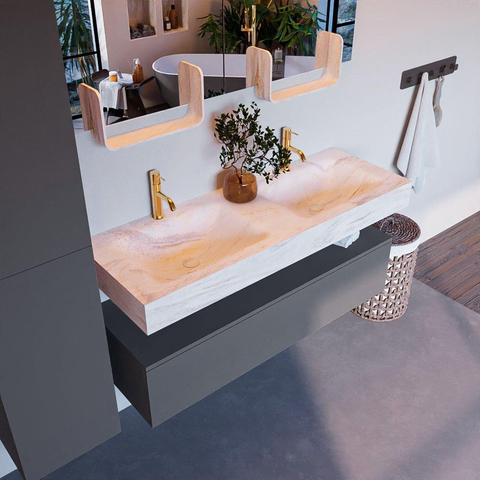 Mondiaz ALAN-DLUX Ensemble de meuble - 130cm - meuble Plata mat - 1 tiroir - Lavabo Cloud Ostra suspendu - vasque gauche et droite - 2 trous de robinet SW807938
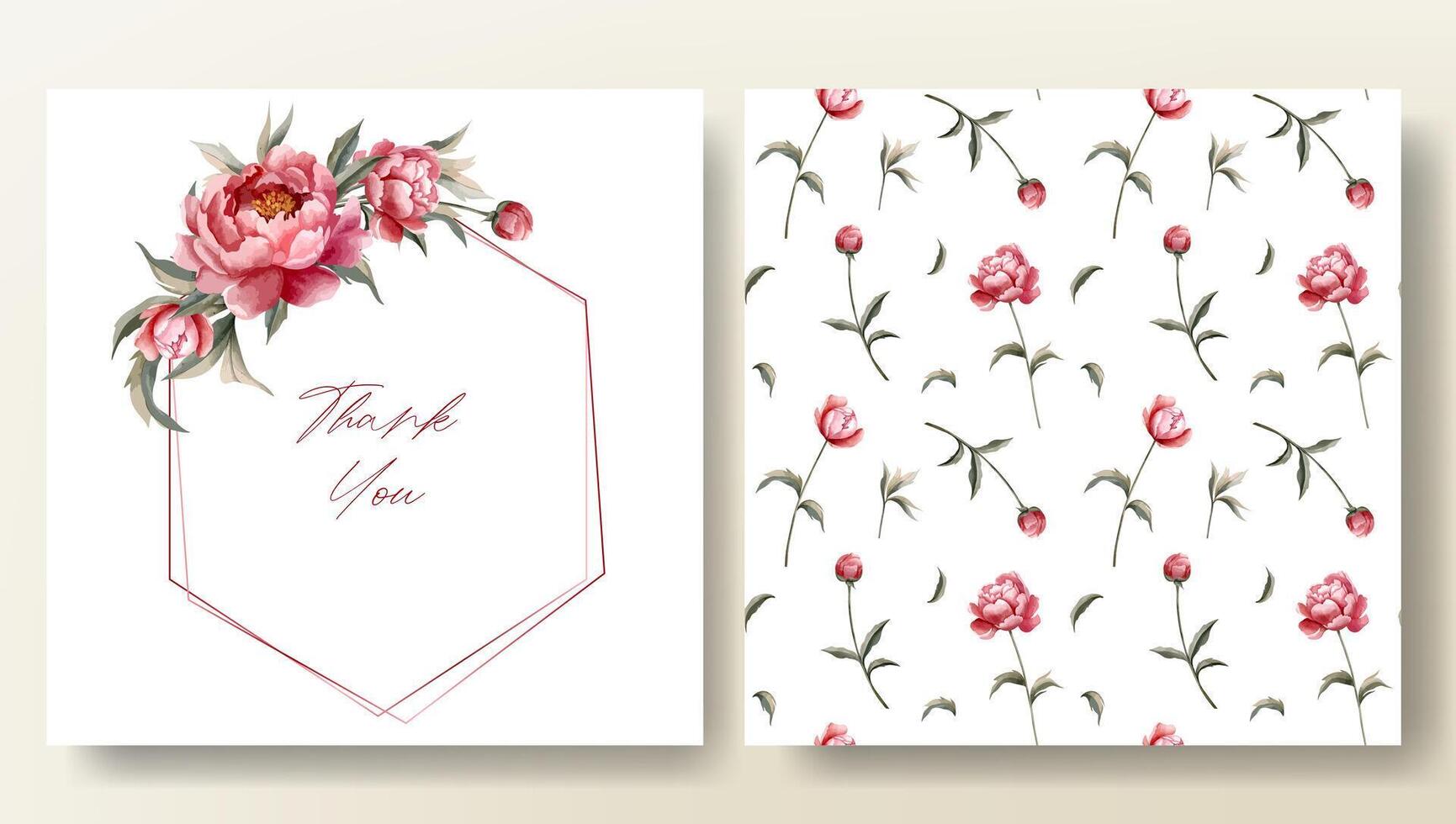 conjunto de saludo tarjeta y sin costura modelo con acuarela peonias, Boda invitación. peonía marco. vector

--------

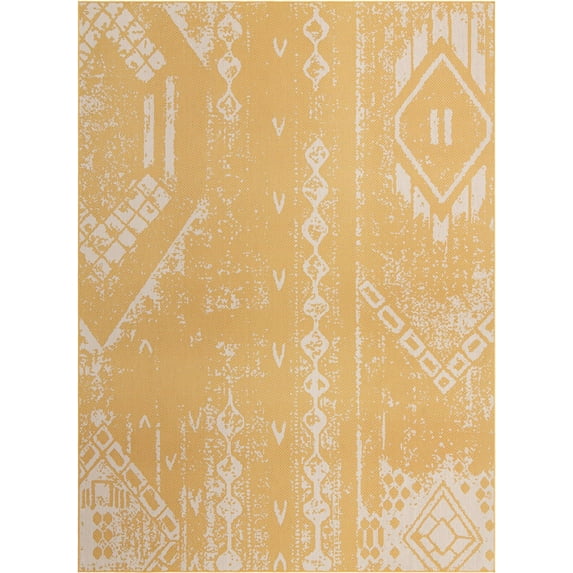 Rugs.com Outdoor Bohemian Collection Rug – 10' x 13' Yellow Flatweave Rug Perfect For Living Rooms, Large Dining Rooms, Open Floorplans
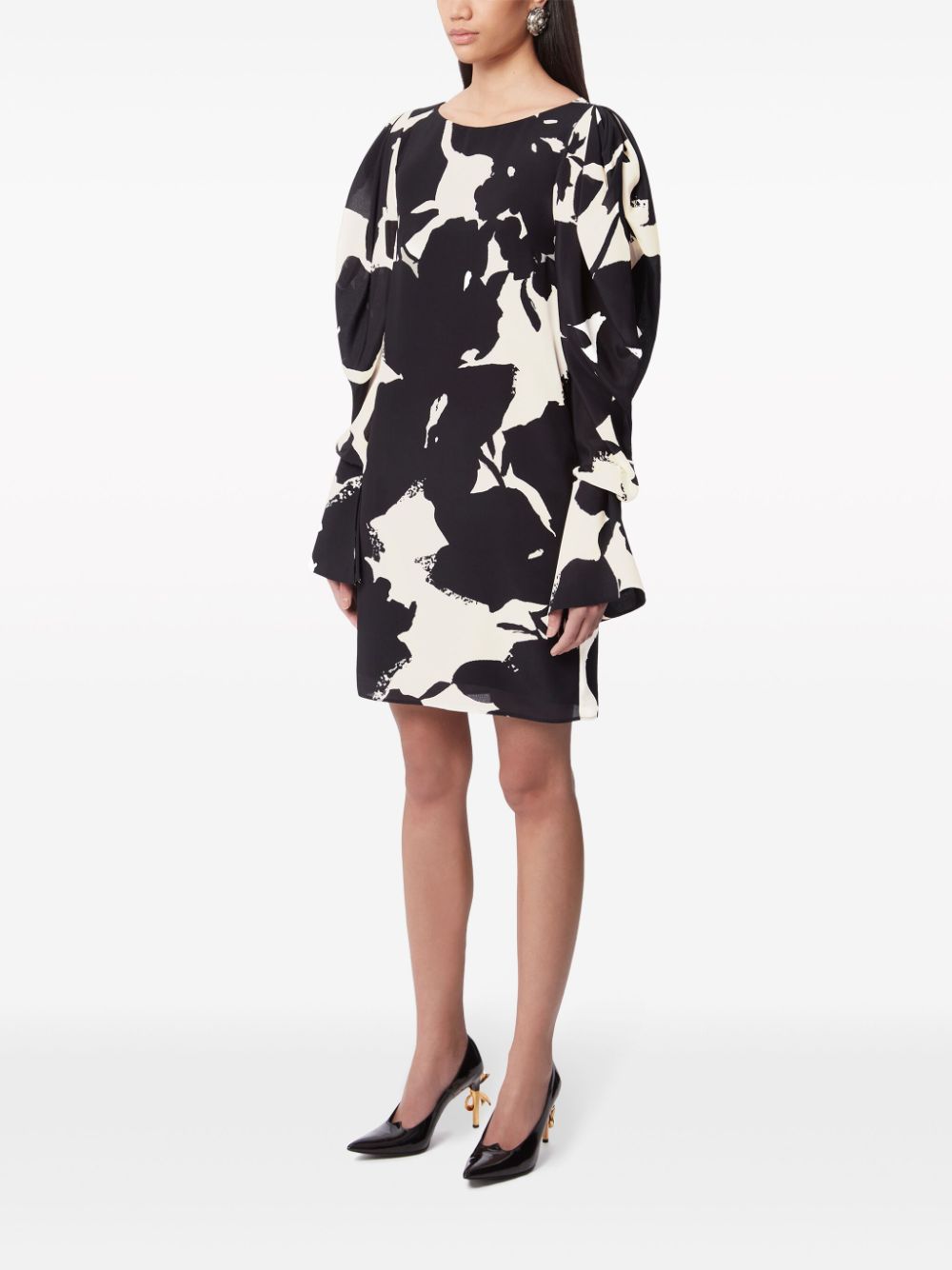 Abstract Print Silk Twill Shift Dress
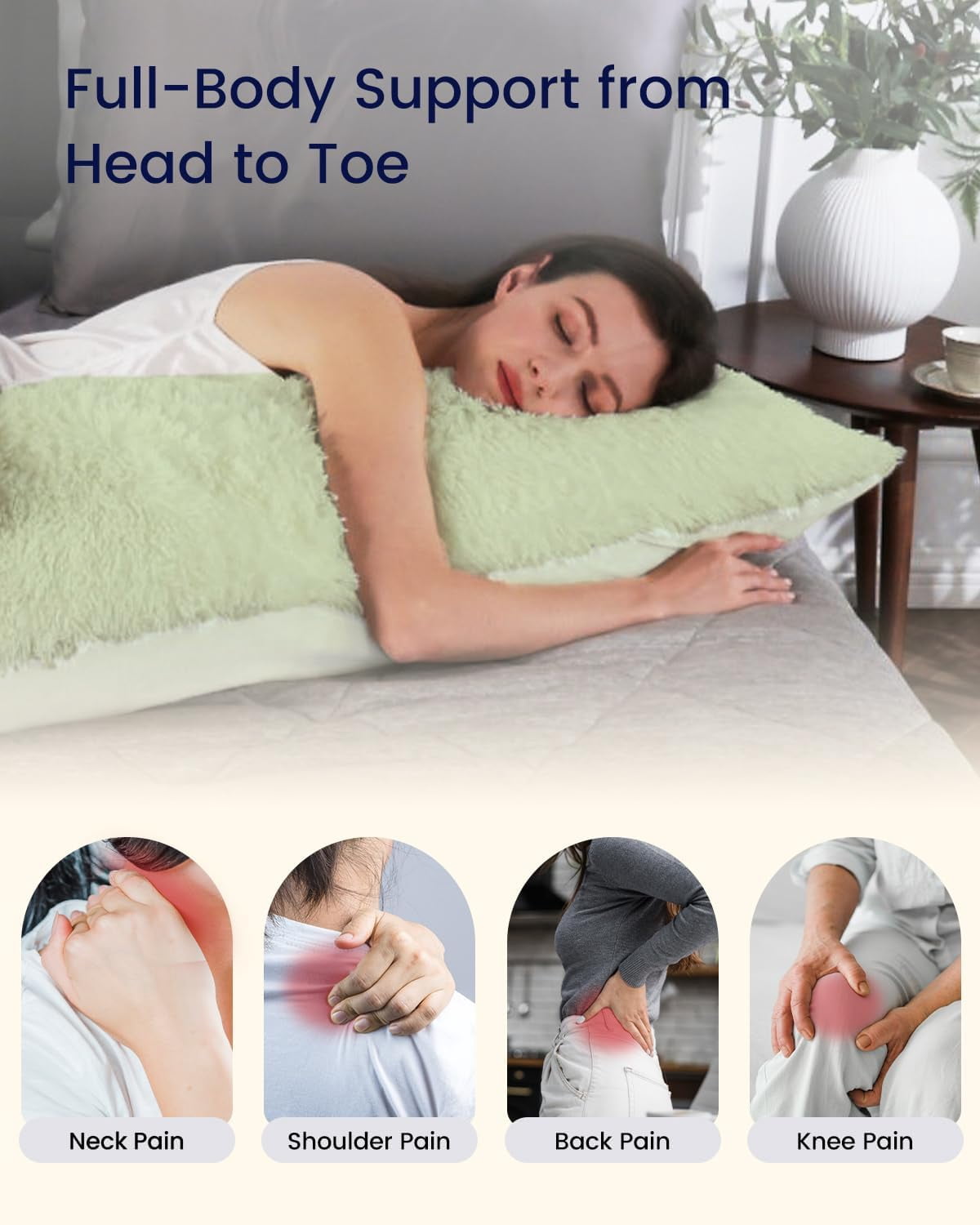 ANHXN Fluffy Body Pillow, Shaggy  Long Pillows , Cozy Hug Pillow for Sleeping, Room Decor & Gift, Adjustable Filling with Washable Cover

--------

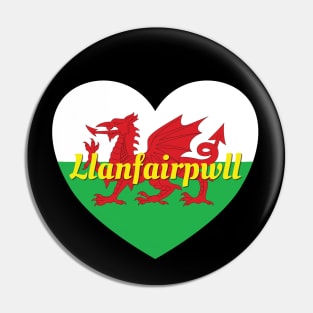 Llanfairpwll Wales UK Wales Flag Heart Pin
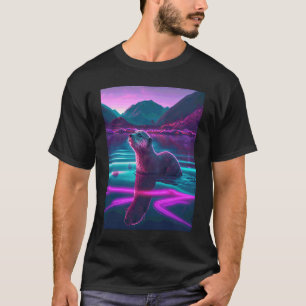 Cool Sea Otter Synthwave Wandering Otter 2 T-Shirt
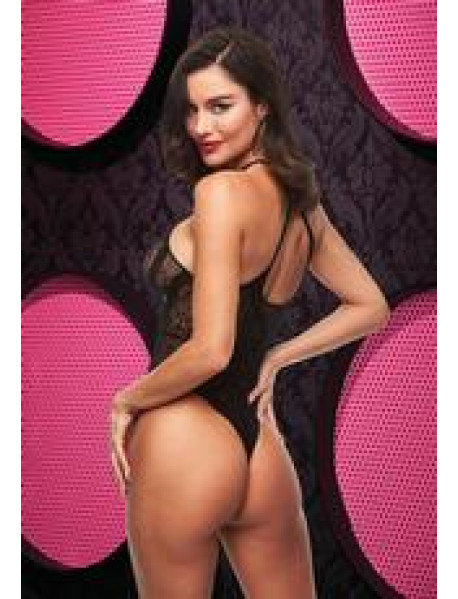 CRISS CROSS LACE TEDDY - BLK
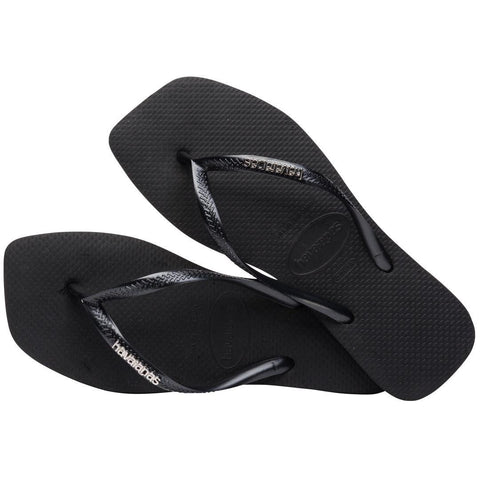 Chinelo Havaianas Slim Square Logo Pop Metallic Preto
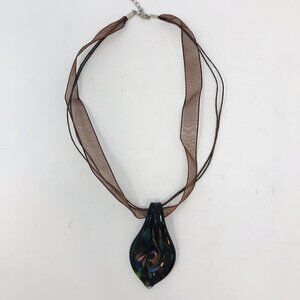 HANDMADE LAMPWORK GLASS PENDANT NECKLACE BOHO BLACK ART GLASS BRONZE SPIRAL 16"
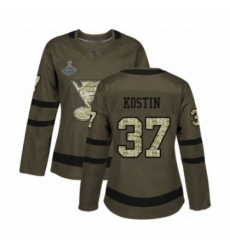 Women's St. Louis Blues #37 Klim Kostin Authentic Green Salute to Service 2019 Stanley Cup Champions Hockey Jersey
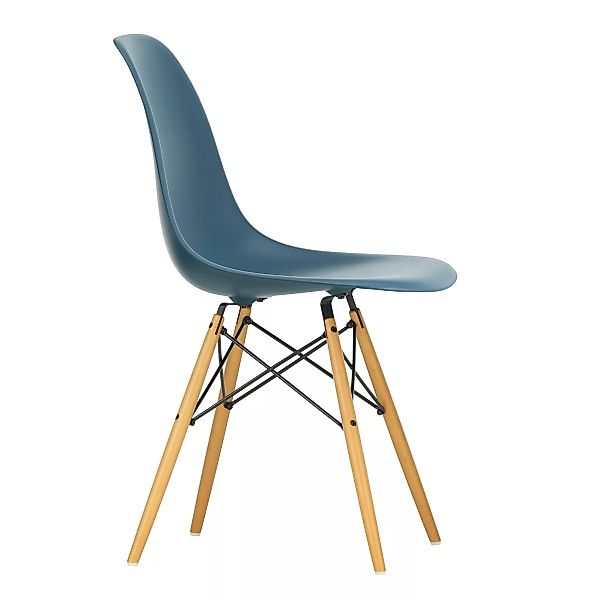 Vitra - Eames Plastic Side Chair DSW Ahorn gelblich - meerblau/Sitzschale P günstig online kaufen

--------

### INSTRUCTIONS FOR THE TASK
In the listing above, find the line containing "HANDMADE LAMPWORK GLASS" and the line containing "Women's St. Louis". Print those two lines and every line between them exactly, with no pictures.

### TASK RESULT
 HANDMADE LAMPWORK GLASS PENDANT NECKLACE BOHO BLACK ART GLASS BRONZE SPIRAL 16"
 Women's St. Louis Blues #37 Klim Kostin Authentic Green Salute to Service 2019 Stanley Cup Champions Hockey Jersey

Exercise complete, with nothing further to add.